INFORMATION GIVEN:
:::::

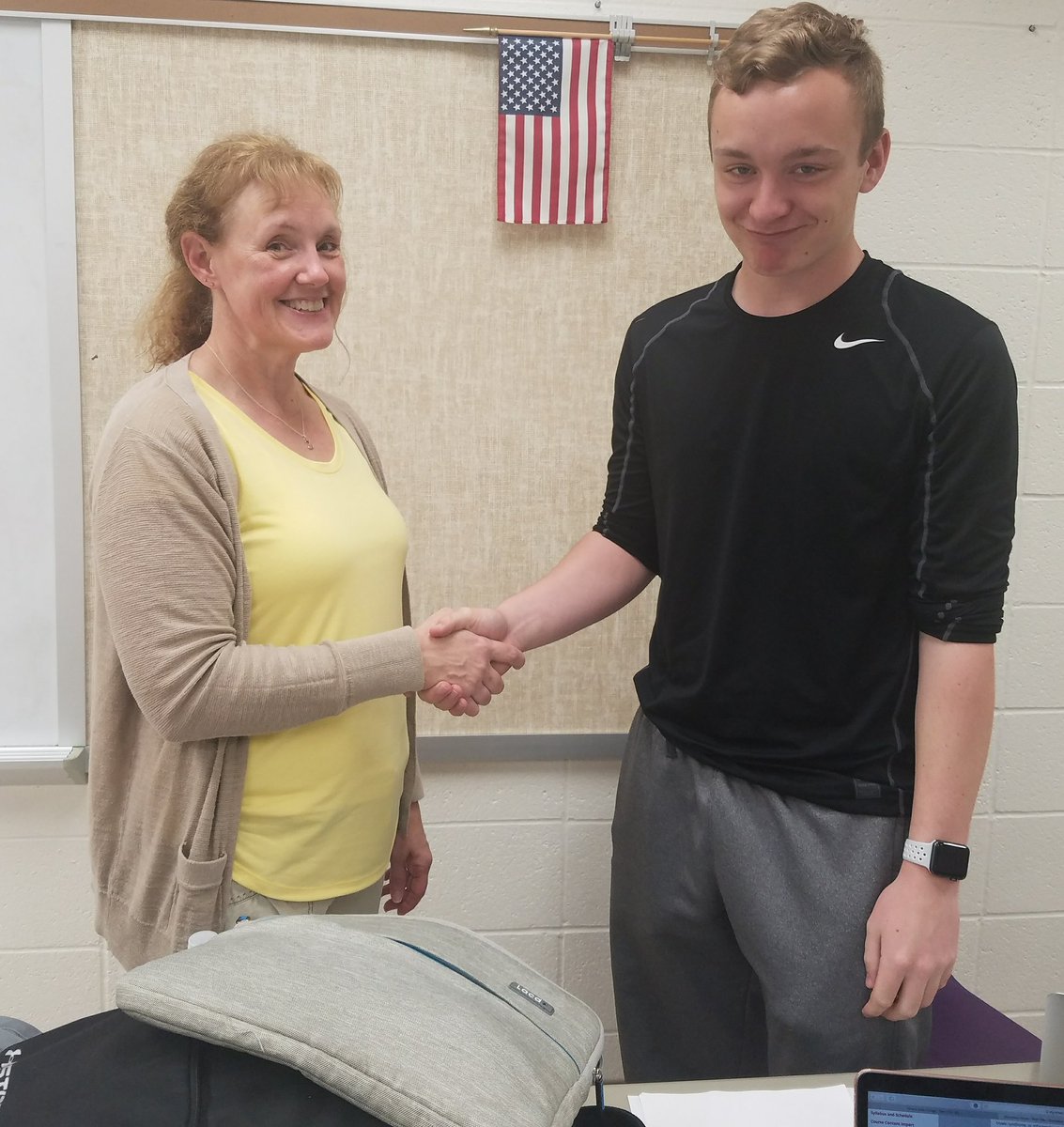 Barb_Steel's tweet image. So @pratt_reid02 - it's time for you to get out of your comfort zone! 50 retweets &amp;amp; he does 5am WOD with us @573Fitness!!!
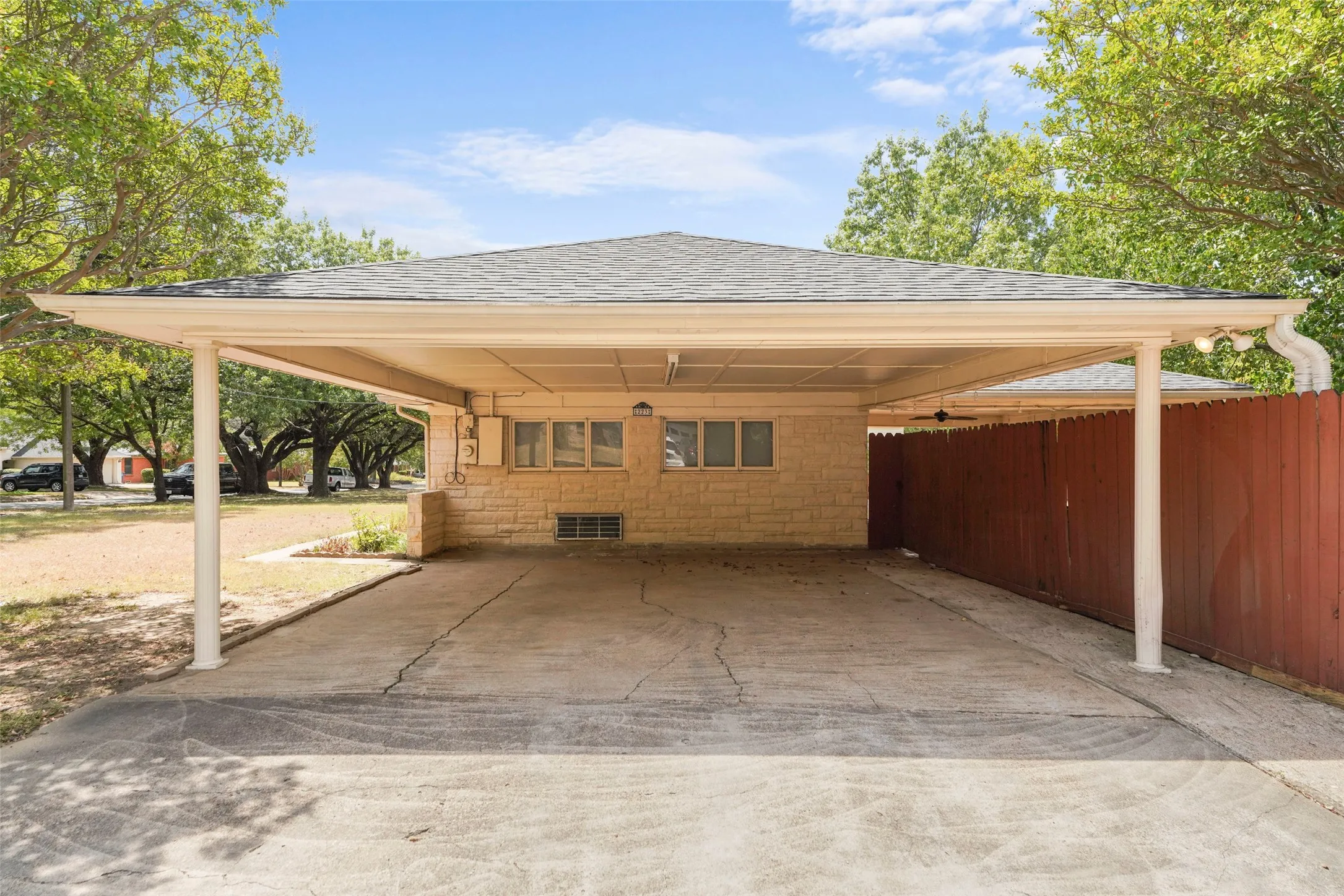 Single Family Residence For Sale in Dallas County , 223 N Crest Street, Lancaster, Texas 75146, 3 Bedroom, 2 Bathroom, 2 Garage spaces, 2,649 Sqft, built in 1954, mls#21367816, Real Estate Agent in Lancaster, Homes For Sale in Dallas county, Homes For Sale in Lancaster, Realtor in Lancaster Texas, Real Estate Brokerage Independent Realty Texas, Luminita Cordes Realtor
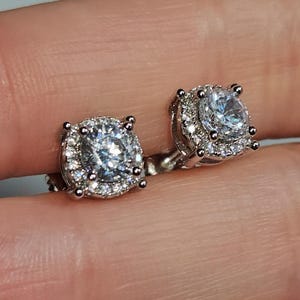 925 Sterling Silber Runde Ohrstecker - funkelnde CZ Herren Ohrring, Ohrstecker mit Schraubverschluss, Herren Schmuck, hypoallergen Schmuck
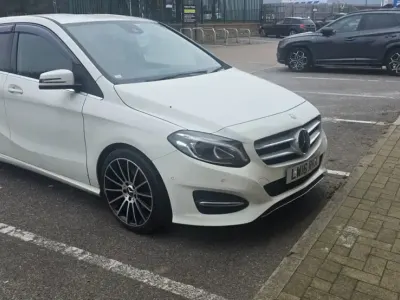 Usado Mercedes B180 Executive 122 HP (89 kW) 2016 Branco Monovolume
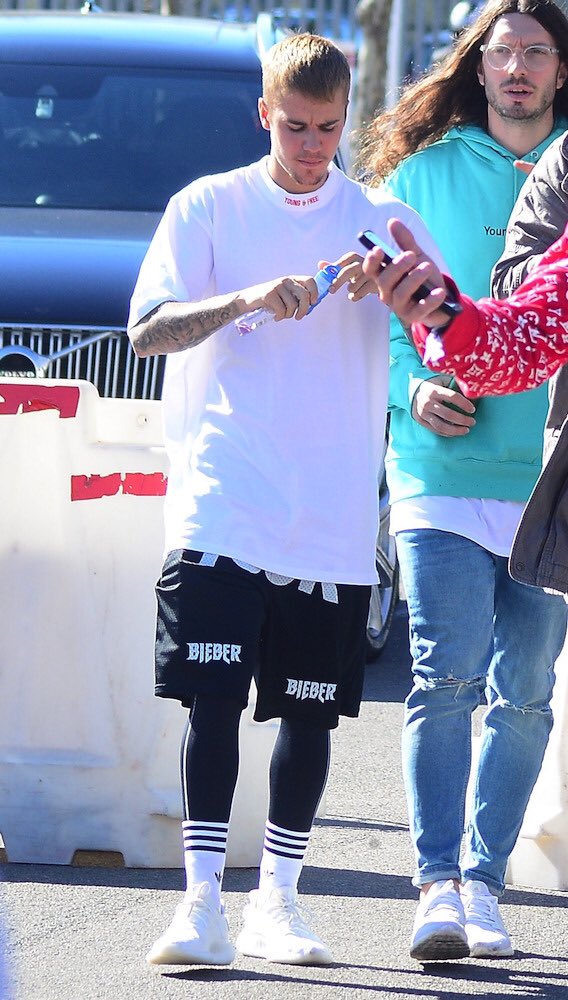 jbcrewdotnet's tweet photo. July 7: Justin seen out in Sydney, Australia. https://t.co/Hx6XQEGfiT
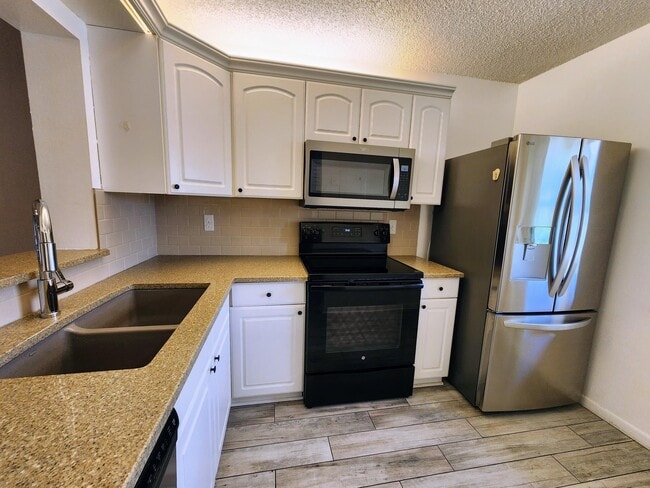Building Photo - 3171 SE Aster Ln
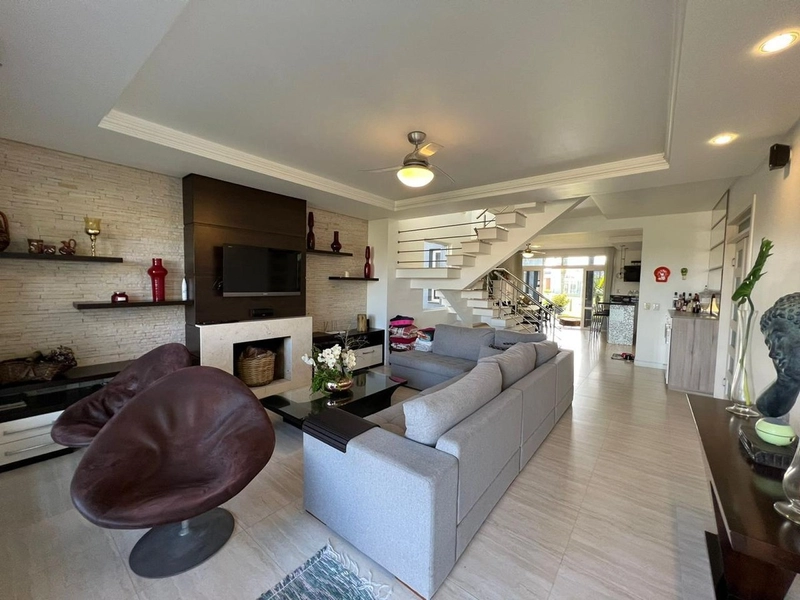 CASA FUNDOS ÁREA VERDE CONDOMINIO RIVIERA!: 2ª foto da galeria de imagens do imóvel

:::::

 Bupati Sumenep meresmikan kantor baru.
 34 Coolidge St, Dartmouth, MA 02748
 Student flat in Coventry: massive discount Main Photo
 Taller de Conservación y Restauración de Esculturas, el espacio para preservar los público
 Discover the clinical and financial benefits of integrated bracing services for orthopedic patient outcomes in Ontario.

:::::

ASSIGNED TASK:
Return a word-for-word copy of the lines above from the one holding "Student flat in" through the one holding "Discover the clinical", with both of them included and nothing besides.

WRITTEN SOLUTION:
 Student flat in Coventry: massive discount Main Photo
 Taller de Conservación y Restauración de Esculturas, el espacio para preservar los público
 Discover the clinical and financial benefits of integrated bracing services for orthopedic patient outcomes in Ontario.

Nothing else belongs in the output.